Rosie the riveter would take pride in seeing modern women break through age-old stereotypes, moving into the forefront of the typically male-dominated culture of hunting and gathering. Just in the state of Oregon, the Statesman Journal reported that the number of female hunters increased 16 percent within a decade, in spite of the purchases of hunting and fishing licenses being on a steady, historical decline.

Michelle Bodenheimer is one of those Oregonians, and the draw of the hunt transitioned her from living a vegetarian lifestyle to eventually becoming the regional director for the National Wild Turkey Federation. She believes that it's becoming more socially acceptable for women to become hunters because society as a whole is tearing down conventional stereotypes. "The outdoor sports help women gain confidence and a sense of purpose." She explains each milestone as a snowball effect that makes women only want to do and conquer more feats as hunters. Bodenheimer also credits leaders in the outdoor industry for recognizing the growing number of female participants, and providing the resources to encourage that growth. "Female participation continues to rise due to accessibility. More and more companies are making clothing and gear specifically for women, making their pursuits easier.

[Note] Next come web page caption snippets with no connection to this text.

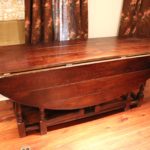 Large Antique Wood Gate Leg Table Opens Up To Full Size Table!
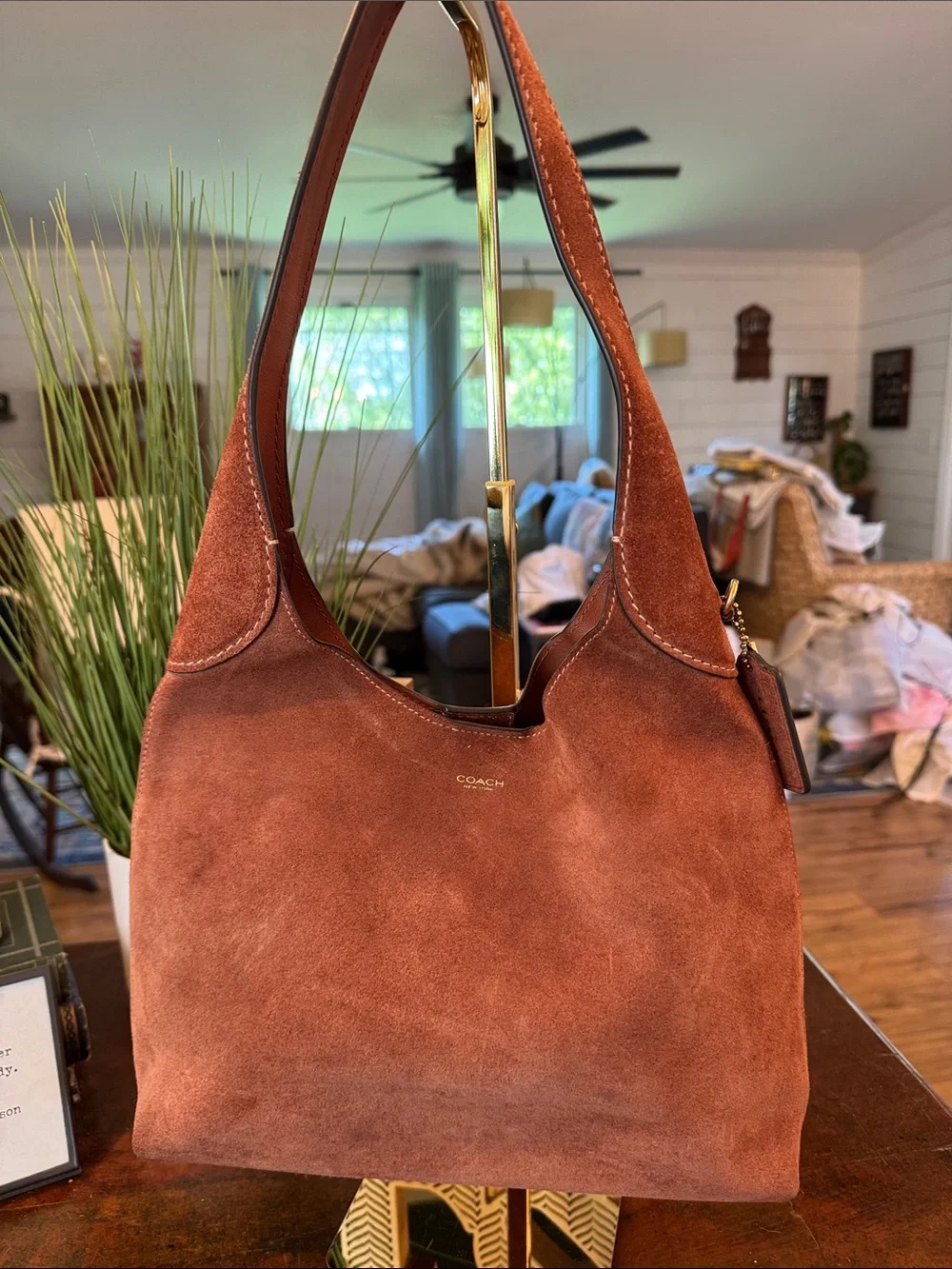 Coach Suede Shoulder Bag in Rust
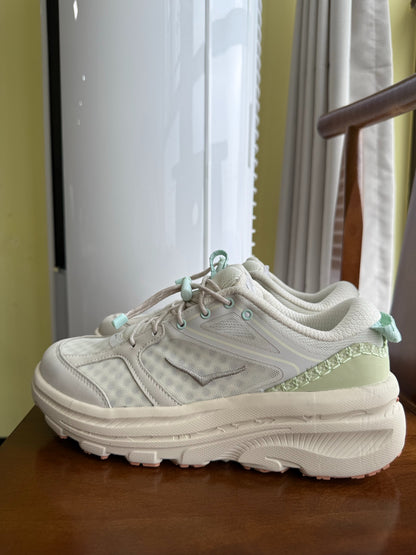 Hoka U Bondi B3LS Oat Milk White Pink Peach Blue Shoes 1155351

Organizations are offering classes and clinics to help women and strengthen their skills (which helps build confidence) to get them outdoors."

Hunter Asha Aiello explains the appeal of hunting not just as an experience, but an offering of something tangible. "Women want to know where their food comes from. We want to be able to participate in the process, and there's no better way to access organic meat. You can push yourself to limits you never knew you had, and beyond, walking away with not only a stable of memories, but food for your family."

As a Cabelas Marketing Manager, Aiello's business is understanding what makes new hunters tick, and what experienced hunters want. She points to growing educational opportunities in the outdoor industry like Ladies Hunting Camp as a great resource for introducing new hunters to the sport, as well as strengthening the skillsets of experienced hunters, and offering a venue for women to network and access environments where they can develop the opportunities to mentor and learn from each other.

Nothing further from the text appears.